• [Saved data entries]
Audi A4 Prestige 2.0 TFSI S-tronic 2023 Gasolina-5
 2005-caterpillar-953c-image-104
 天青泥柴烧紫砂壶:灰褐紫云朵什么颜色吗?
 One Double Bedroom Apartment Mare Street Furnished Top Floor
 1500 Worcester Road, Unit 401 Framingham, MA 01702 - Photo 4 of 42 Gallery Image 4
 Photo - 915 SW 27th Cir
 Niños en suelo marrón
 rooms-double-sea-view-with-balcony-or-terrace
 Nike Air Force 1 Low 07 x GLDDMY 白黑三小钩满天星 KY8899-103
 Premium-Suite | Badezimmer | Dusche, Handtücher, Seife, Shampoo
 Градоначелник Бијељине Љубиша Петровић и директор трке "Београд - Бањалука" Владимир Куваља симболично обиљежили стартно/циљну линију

• [PROBLEM DESCRIPTION]
Copy the records above exactly.

• [ANSWER TO THIS TASK]
Audi A4 Prestige 2.0 TFSI S-tronic 2023 Gasolina-5
 2005-caterpillar-953c-image-104
 天青泥柴烧紫砂壶:灰褐紫云朵什么颜色吗?
 One Double Bedroom Apartment Mare Street Furnished Top Floor
 1500 Worcester Road, Unit 401 Framingham, MA 01702 - Photo 4 of 42 Gallery Image 4
 Photo - 915 SW 27th Cir
 Niños en suelo marrón
 rooms-double-sea-view-with-balcony-or-terrace
 Nike Air Force 1 Low 07 x GLDDMY 白黑三小钩满天星 KY8899-103
 Premium-Suite | Badezimmer | Dusche, Handtücher, Seife, Shampoo
 Градоначелник Бијељине Љубиша Петровић и директор трке "Београд - Бањалука" Владимир Куваља симболично обиљежили стартно/циљну линију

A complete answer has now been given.